# S&W M65 Project



## FHBrumb (Oct 27, 2007)

I bought a plain jane M65 on GB for just a hint under $500. I was very pleased with the purchase. It had just a hint of a turn line and imperceptable flame cutting marks, which told me it wasn't used hard. At the range, it showed it was a good pistol.









I then bought a set of Wolff Springs, a new style thumb latch, a decent set of grips, some 800 and 1000 grit wet dry, a handful of felt polishing wheels for my Dremel Tool, and a jar of Mother's Brand Metal Polish.

I installed the components, and polished up the pistol nicely. All the buffing took easily 4+ hours. I left a few parts matte, for interesting contrast. They include: Top strap from muzzle to grip, the muzzle itself, inside the trigger guard, the ejector rod, and the flutes. I cleaned up all internal contact surfaces for smooth triggering. I added a splash of blaze orange to the front sight.

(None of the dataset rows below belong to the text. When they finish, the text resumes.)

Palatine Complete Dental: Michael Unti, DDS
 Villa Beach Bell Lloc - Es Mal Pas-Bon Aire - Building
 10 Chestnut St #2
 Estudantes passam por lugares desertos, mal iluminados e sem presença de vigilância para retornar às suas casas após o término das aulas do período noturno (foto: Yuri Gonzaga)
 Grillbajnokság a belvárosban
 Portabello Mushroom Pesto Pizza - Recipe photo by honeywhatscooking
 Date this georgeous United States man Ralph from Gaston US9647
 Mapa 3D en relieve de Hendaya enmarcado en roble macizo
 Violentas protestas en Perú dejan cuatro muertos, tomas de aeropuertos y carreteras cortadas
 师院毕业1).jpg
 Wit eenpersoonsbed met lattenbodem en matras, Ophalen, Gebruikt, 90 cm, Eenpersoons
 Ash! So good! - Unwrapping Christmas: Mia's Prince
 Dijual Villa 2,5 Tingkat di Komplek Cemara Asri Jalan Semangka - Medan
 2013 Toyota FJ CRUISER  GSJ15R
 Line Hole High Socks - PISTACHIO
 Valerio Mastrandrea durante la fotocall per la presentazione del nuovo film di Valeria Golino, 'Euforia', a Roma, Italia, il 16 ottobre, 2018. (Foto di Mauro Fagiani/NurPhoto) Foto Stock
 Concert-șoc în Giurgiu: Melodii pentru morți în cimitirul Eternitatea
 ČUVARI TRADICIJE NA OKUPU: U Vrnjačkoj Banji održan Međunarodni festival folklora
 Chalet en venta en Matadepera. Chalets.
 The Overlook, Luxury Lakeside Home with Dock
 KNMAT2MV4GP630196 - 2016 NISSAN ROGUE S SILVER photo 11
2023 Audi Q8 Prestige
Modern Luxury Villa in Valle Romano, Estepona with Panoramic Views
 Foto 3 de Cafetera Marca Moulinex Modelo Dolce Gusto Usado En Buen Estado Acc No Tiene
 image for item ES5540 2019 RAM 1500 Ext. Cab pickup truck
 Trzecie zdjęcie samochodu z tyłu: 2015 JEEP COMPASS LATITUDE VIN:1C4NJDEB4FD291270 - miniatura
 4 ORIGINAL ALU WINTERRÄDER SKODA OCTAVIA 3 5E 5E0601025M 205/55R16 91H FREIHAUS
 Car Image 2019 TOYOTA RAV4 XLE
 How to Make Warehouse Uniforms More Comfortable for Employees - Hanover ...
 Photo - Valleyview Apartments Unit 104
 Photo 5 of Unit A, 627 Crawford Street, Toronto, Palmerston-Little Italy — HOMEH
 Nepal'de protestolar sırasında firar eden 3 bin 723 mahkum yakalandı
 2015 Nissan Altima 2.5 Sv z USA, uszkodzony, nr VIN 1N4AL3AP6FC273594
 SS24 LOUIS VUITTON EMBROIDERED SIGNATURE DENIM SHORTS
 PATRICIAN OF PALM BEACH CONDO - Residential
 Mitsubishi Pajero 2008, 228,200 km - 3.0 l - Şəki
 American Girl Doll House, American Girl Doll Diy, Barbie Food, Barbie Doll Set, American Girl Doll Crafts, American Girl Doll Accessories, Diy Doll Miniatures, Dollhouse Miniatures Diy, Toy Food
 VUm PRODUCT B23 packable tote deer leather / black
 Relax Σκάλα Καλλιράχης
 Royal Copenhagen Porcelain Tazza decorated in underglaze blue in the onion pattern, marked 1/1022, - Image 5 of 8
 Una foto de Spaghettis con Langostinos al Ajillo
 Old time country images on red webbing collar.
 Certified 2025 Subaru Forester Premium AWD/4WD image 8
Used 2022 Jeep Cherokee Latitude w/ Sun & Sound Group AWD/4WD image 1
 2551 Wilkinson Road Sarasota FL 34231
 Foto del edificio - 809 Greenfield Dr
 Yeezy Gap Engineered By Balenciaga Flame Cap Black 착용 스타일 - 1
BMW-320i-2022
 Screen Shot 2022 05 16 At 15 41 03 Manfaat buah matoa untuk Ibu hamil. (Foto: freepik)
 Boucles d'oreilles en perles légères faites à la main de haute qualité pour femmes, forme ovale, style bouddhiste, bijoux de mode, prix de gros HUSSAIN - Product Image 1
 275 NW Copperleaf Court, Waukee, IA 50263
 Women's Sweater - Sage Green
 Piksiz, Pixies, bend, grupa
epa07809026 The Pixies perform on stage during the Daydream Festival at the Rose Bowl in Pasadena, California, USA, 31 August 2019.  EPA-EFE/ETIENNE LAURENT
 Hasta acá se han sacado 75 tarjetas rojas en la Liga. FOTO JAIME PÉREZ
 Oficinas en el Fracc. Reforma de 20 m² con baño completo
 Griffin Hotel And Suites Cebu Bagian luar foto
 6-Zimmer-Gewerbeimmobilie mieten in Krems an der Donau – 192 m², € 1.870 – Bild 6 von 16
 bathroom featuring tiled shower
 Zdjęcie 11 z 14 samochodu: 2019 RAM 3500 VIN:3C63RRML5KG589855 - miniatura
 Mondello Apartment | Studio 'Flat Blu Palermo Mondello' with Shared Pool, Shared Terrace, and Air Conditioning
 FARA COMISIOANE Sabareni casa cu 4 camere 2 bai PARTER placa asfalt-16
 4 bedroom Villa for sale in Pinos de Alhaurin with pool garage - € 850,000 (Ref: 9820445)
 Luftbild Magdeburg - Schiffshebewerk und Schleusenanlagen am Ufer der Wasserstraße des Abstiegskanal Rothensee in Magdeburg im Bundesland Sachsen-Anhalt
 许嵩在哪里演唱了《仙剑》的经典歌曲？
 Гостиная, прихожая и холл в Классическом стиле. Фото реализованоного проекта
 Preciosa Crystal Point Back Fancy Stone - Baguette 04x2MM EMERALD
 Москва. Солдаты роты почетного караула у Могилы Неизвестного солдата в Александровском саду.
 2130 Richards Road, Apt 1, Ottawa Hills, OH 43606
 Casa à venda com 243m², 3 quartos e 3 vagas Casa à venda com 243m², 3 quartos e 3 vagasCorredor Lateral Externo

What do you think of my "new" Model 65?

(My only regret is that I suck so bad with a camera...)


----------



## DevilsJohnson (Oct 21, 2007)

Nice work, have you tested how she'll shoot yet?


----------



## FHBrumb (Oct 27, 2007)

Yup, it shoots great. On an 8 inch shoot and see at 25 yards, double action, it was a "never missed" day. I didn't shoot for groups, just punched a bunch of holes.


----------



## wjh2657 (Jun 18, 2008)

I love K Frames! That is one sweet 65 you have there. I have a M&P (pre 10) in 2" that is my favorite revolver. I am currently looking for a 19 or 66 to fix up. I think the K Frame S&W fits the hand best of all of the DA wheelguns. You are going to heve some really enjoyable shooting with your 65.


----------



## JeffWard (Aug 24, 2007)

What a make-over.

From "ho-hum" to "Sweet"

JW


----------